Approval of the fixed, variable and exceptional components of the 
total remuneration paid or allocated to the Chairman of the Board 
of Directors, Chief Executive Officer and Chief Operating Officers 
for the financial year ended on December 31, 2020

 Statement of reasons

In accordance with Article L. 225-100-III of the French Commercial 
Code, the General Meeting is requested every year to approve the 
fixed, variable and exceptional components of the total remuneration 
and benefits of all kinds paid or allocated to the Chairman of the Board 
of Directors, Chief Executive Officer and Chief Operating Officers in 
respect to their mandate.

These components of the remuneration are presented in the report 
of the Board of Directors on corporate governance in section 2.4 of 
the 2020 Universal Registration Document, including in particular a 
summary table under section 2.4.3.1.13.

 „ Thirteenth resolution

Approval of the components of the total compensation paid  
or allocated to Alain de Rouvray, Chairman of the Board  
of Directors, for the financial year ended on December 31, 2020

The General Meeting, in accordance with Article L. 225-100-III of the 
French Commercial Code, approves the fixed, variable and exceptional 
components of the total compensation and benefits of all kinds paid 
or allocated to Alain de Rouvray, Chairman of the Board of Directors, 
for the financial year ended on December 31, 2020 as set out in the 
report of the Board of Directors on corporate governance pursuant 
to Article L. 225-37 of the French Commercial Code and presented 
in section 2.4.3.1.13 in the 2020 Universal Registration Document.

 „ Fourteenth resolution

Approval of the components of the total compensation paid  
or allocated to Cristel de Rouvray, Chief Executive Officer,  
for the financial year ended on December 31, 2020

The General Meeting, in accordance with Article L. 225-100-III of the 
French Commercial Code, approves the fixed, variable and exceptional 
components of the total compensation and benefits of all kinds paid or 
allocated to Cristel de Rouvray, Chief Executive Officer, for the financial 
year ended on December 31, 2020, as set out in the report of the Board 
of Directors on corporate governance pursuant to Article L. 225-37 
of the French Commercial Code and presented in section 2.4.3.1.13 
in the 2020 Universal Registration Document.

 „ Fifteenth resolution

Approval of the components of the total compensation paid  
or allocated to Vincent Chaillou, Chief Operating Officer,  
for the financial year ended on December 31, 2020

The General Meeting, in accordance with Article L. 225-100-III of the 
French Commercial Code, approves the fixed, variable and exceptional 
components of the total compensation and benefits of all kinds paid or 
allocated to Vincent Chaillou, Chief Operating Officer, as set out in the 
report of the Board of Directors on corporate governance pursuant 
to Article L. 225-37 of the French Commercial Code, and presented 
in section 2.4.3.1.13 in the 2020 Universal Registration Document.

 „ Sixteenth resolution

Approval of the components of the total compensation paid  
or allocated to Christopher St John, Chief Operating Officer, until 
June 30, 2020 for the financial year ended on December 31, 2020

The General Meeting, in accordance with Article L. 225-100-III of the 
French Commercial Code, approves the fixed, variable and exceptional 
components of the total compensation and benefits of all kinds paid or 
allocated to Christopher St John, Chief Operating Officer, as set out in 
the report of the Board of Directors on corporate governance pursuant 
to Article L. 225-37 of the French Commercial Code, and presented 
in section 2.4.3.1.13 in the 2020 Universal Registration Document.

 „ Seventeenth resolution

Determination of the compensation paid to the members  
of Board of Directors

 Statement of reasons

The General Meeting is requested to set the total annual amount of 
compensation to be allocated to members of the Board of Directors 
from 2021 financial year at €450,000 (vs. €350,000). This increase is part 
of the remuneration policy of the Directors as presented in the report 
of the Board of Directors on corporate governance in section 2.4.1.2 
of the 2020 Universal Registration Document.
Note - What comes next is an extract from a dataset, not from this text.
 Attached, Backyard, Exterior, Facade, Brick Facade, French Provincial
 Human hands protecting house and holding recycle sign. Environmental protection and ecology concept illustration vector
It will therefore allow the Directors to be allocated specific missions in 
favour of the transformation of the Company and to anticipate possible 
changes in the composition of the Board of Directors.

The General Meeting decides to set the annual compensation paid 
to the members of the Board of Directors at €450,000 from 2021 
financial year.

The Board will freely distribute this amount among its members.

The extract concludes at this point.